Pasur is a gram panchayat in the Coimbatore district of Tamil Nadu, India.

== History ==

The name Pasur literally means place of cows. It is also known as Kovil Nagaram, meaning temple town, because it has more than ten Hindu temples and also a mosque near by Allikulathottam.

Pasur has a history dated back to 14th century, when people settled in the area during the time of the Vijayanagara Empire.

The famous Koothu (story of prakalnath- Hindu god vishnu) is performed here during 18th centuries. Koothu (street dramas) by and by disappeared from village due to younger generation failed to continue the age old KOOTHU. Pasur is also famous for its vishnu Bajjans, every Saturday Bajjan's has been performed by famous singers of the village. Bajjans also slowly disappearing from village due to lack of interest among younger generation.

==Administration==
There are six small villages in the Pasur panchayat:

- Pasur
- Kammala thotti palayam
- Kalakurichi
- Pudhu palayam
- Thokku palayam
- Ammachettipudur

==Facilities==
Pasur has a government welfare middle school, Indian bank, post office, VAO office, Panchayat office, government funded society, shops, hotels and bakeries. It has connectivity to Coimbatore and Sathyamangalam, via National Highway 209, and Avinashi. The nearest town is Annur from where its easy to commute to places like Ooty (direct buses), Mettupalayam, Thiruppur and others. The nearest railway stations are at Coimbatore and Mettupalayam.

Nearby panchayaths are
- North East - Pongalore panchayat
- West - Annur, Mettupalayam
- South - Alla Palayam

Due to industrialization, Pasur developed rapidly during 2000 to 2010. The panchayat has four textile mills, an agriculture seed company and two engineering firms (automobile spares manufacturing companies in Kammala Thotti Palayam). There are also a few automobile companies, mainly LGB's (famous auto mobile company) subcontractors, are located in Kammala Thotti Palayam.

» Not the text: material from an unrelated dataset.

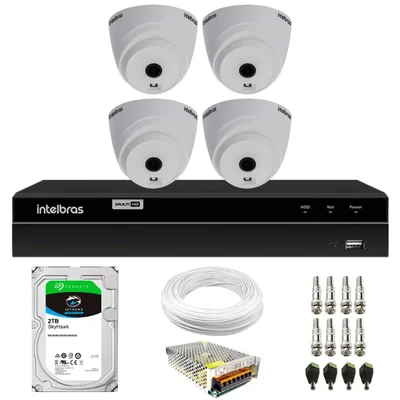 Kit 4 Câmeras Dome Hd 720p Vhl 1120 D 3,6mm Ir 20 Dvr Gravador Intelbras Mhdx 1204 4 Canais 2TB Sky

The people are mostly farmers and hand weavers but the younger generation are moving out to cities and abroad for jobs and higher studies..

== Festivals ==
Thai Pongal, chithirai kani - Tamil varuda pirappu, Ugadi and Amman kovil festival. Pongal has been celebrated grandly in Pasur, during pongal people from Pasur gather at Kuppayamman temple (200 years old small Amman temple) and do kummi kind of dance with singing song.